In almost every database-backed application I've ever built someone, at some poi...

lisper · on April 5, 2021

> My current preferred strategy for dealing with this (at least for any table smaller than a few GBs) is to dump the entire table contents to a git repository on a schedule.

How does that solve the problem? All this would do is give you snapshots of the state of the DB at particular points in time.

The only way to know who changed what when is to keep track of those changes as they are made, and the best way to do that is to stick the changes in an eventlog table.

zikzak · on April 5, 2021

A developer joined a team I was on once. The boss was infamous for hiring anyone with a pulse and assigning a small client project. Sink or swim.

As the senior dev it was my job to provide info as needed and subtly assess the new, potential rockstar code ninjas.

Anyway, this new guy says "I store all my dates in sql as text in iso format so I can easily sort them".

com2kid · on April 6, 2021

That is... almost not horrible?

If he had said anything other than "in sql" it would be the correct answer.

"I store all dates in spreadsheets in ISO format"

"I prepend ISO dates to marketing campaign names so I can easily sort them in the horrible web frontends that doesn't have a sort by date option"

"I start all my blog entries with ISO dates..."

I mean, just... so close!

dragonwriter · on April 6, 2021

> "I store all dates in spreadsheets in ISO format"

As in SQL, the application’s native date format (which is usually a number with appropriate format) would be the natural choice and a YYYY-MM-DD string would be a distant second. ISO (presumably, 8601) format is too broad, and admits of a mix of formats that are not simply sortable (quick, which is first 2021-W14-2 or 2021-04-07?).

com2kid · on April 6, 2021

Eh, when people say ISO they mostly mean YYYY-MM-DD.

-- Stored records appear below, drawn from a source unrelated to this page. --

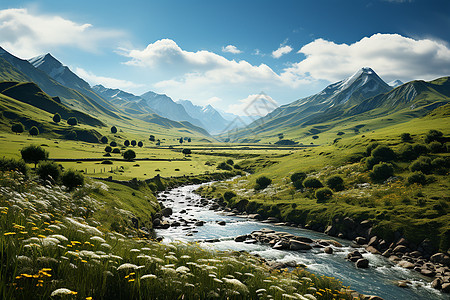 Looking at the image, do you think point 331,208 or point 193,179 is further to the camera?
point 193,179

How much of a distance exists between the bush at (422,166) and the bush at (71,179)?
71.0 meters

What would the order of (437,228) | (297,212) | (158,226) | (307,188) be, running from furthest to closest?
(307,188) → (297,212) → (158,226) → (437,228)

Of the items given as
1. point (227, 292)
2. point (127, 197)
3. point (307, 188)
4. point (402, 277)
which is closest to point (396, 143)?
point (307, 188)

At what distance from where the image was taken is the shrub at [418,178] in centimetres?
5175

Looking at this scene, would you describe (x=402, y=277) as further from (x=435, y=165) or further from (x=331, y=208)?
(x=435, y=165)

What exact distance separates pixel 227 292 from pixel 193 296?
1241 mm

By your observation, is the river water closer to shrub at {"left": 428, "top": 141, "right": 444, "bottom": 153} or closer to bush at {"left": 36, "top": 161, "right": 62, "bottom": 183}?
bush at {"left": 36, "top": 161, "right": 62, "bottom": 183}

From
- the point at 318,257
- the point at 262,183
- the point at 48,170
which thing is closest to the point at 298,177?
the point at 262,183

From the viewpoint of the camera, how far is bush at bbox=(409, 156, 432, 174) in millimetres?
55344

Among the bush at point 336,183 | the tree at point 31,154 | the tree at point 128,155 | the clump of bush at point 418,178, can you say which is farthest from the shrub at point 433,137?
the tree at point 128,155

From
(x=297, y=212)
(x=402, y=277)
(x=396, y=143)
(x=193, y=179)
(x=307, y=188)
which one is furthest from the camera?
(x=193, y=179)

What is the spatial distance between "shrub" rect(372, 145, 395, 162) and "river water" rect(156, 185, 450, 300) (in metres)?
34.4

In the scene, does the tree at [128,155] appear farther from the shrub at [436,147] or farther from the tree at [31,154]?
the shrub at [436,147]

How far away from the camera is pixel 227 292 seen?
8430 millimetres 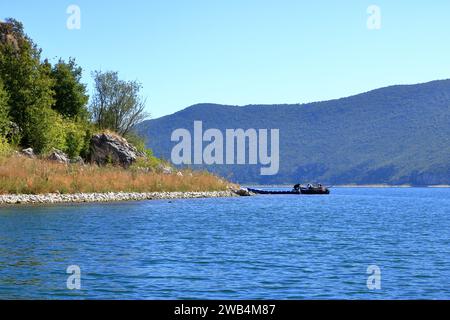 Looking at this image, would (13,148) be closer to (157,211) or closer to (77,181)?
(77,181)

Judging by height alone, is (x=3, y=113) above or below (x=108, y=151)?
above

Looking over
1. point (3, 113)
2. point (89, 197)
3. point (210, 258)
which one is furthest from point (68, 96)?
point (210, 258)

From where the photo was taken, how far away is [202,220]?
4856cm

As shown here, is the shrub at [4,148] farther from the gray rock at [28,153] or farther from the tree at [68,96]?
the tree at [68,96]

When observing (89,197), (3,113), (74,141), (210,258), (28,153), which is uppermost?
(3,113)

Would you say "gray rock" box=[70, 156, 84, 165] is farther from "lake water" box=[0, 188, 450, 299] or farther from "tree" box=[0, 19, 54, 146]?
"lake water" box=[0, 188, 450, 299]

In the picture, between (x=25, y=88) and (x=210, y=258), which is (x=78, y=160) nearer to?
(x=25, y=88)

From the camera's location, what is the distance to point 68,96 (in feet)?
283

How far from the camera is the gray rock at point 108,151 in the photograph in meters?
82.1

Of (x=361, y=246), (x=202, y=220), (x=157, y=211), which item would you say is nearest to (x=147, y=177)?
(x=157, y=211)

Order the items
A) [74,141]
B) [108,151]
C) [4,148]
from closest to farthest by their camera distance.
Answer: [4,148] → [74,141] → [108,151]

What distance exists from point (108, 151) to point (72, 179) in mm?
17081

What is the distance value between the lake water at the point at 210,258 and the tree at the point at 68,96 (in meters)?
38.7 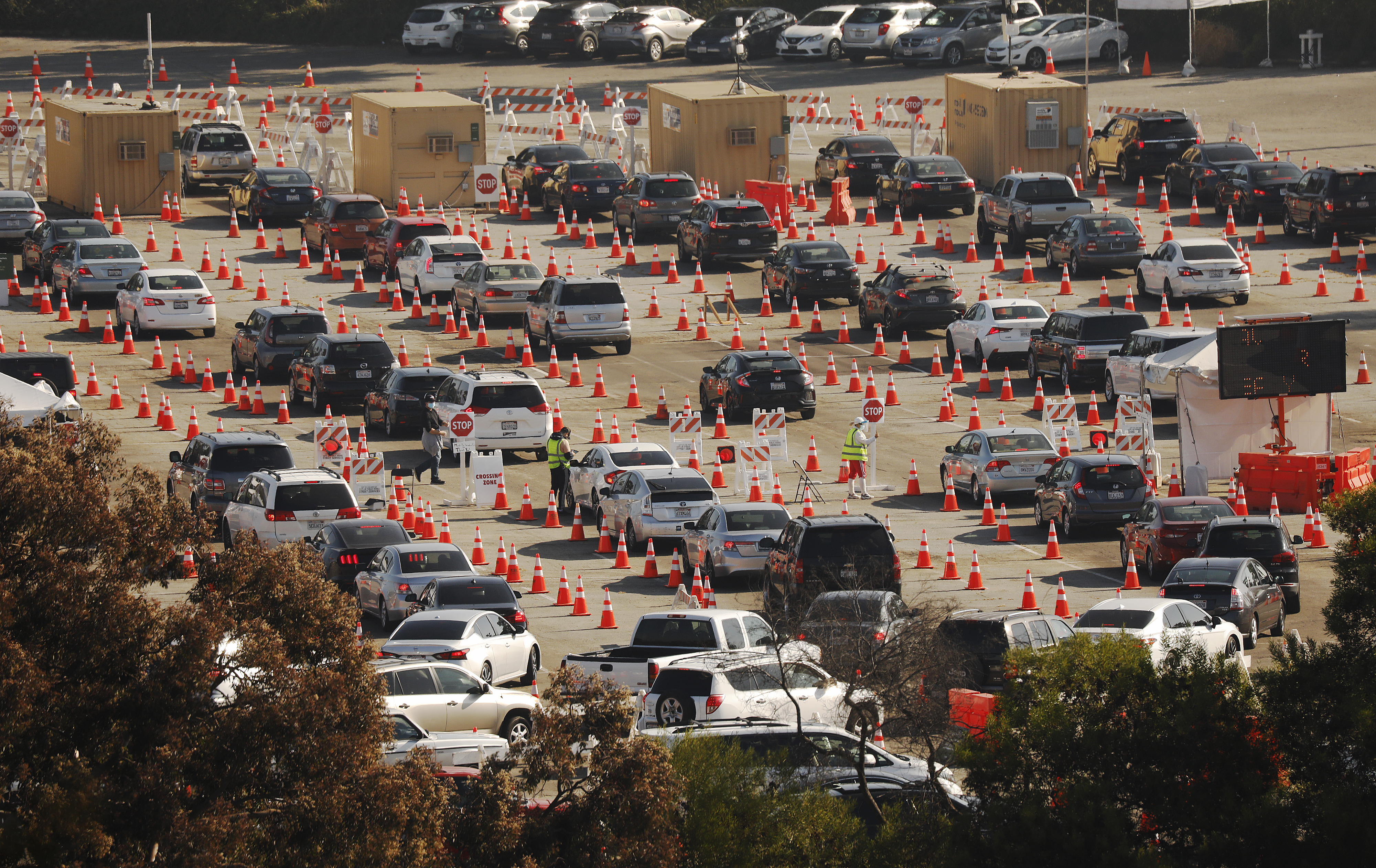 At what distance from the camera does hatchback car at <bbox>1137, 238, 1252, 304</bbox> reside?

If a date is going to be string prepended to something else, or if the spreadsheet is going to be exported to CSV, or parsed by some tool, then storing dates in YYYY-MM-DD can be a very justifiable thing to do in a spreadsheet.

Also Excel likes to format dates using the system locale, which is, well, stupid. So I have to enter YYYY-MM-DD as a custom format anyway, or change the locale on the column to China. (Or Cherokee, who apparently also properly format their dates!)

(Also Excel is smart enough if you set a column as YYYY-MM-DD custom format, it'll let you use all the date based pivot table stuff as expected)

collyw · on April 6, 2021

It's actually a decent hiring process providing the new hires are made aware of it in advance.

zikzak · on April 6, 2021

He was a radical honestly type guy. It was all on the table and we had lots of success stories. We would give anyone a chance which let a lot of self taught, entry level people get work. I got a ton of experience mentoring people, as well (difficult people, too). Unfortunately, he got screwed over by a shotgun clause in a business agreement and lost the business that to an ex-partner. That's what led me to my current job, though, where I've been happy for over 10 years and it's much more stable.

goranmoomin · on April 6, 2021

> I store all my dates in sql as text in iso format so I can easily sort them

Strong SQLite vibes... (SQLite doesn't have a date format, it has builtin functions that accept ISO format text or unix timestamps)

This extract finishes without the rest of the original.